Hokodo, a European B2B BNPL provider and trade credit managing general agent, has announced it is shutting down after eight years of operation.
The company, founded in 2018 and backed by Anthemis Group, raised approximately USD 177 million across equity and debt over its lifetime, including a USD 109 million debt facility from Viola Credit, with additional backing from Notion Capital, Korelya Capital, and Mosaic Ventures. At that time, Hokodo was planning to leverage the capital to facilitate nearly USD 1.76 billion of B2B transactions over the next 24 months.
During its operational period, Hokodo financed more than USD 590 million in invoices, served over 100,000 buyers across ten countries, and integrated with partners including BNP Paribas, Tide, and OroCommerce to embed trade credit into checkout and financial workflows.
Strategic missteps and wind-down
The founding team acknowledged that the company took too long to narrow its focus, scaled before it had sufficiently validated its model, and took on too much product complexity. All these factors ultimately led to the decision to wind down in late 2025.

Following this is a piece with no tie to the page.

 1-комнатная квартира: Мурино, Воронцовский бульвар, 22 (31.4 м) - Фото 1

The closure reflects broader challenges in the B2B BNPL market, where the promise of embedded trade credit at scale has proved more difficult to execute than anticipated. Building sustainable unit economics in trade credit requires discipline around credit risk, underwriting, and product scope, areas where Hokodo's founders acknowledged the company fell short.

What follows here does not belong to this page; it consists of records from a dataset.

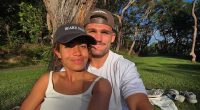 Mary Fowler lifts the lid on how she first met boyfriend Nathan Cleary as the Matildas superstar reveals why the pair 'didn't flirt at all' in the early days of their romance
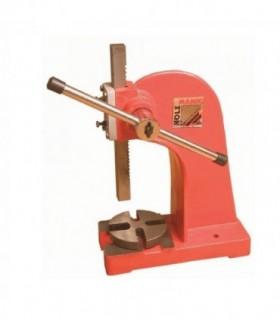 Presa pentru dorn Holzmann DOP 3000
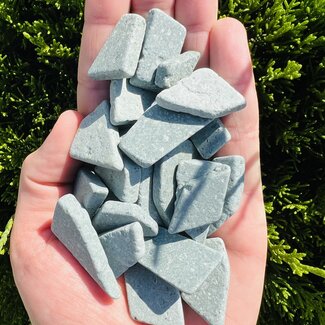 Green Taralite - Tumbled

Furthermore, the founding team is now launching Liquidity Lab, a consulting firm focused on helping businesses optimise trade credit and cash flow operations using AI. They plan to collaborate with CFOs and their teams to offer measurable improvements across the order-to-cash and procure-to-pay cycle.
Hokodo was a notable early player in establishing the B2B BNPL category across Europe, and its closure marks a significant moment in the segment's development as the market continues to consolidate around providers with more focused go-to-market strategies.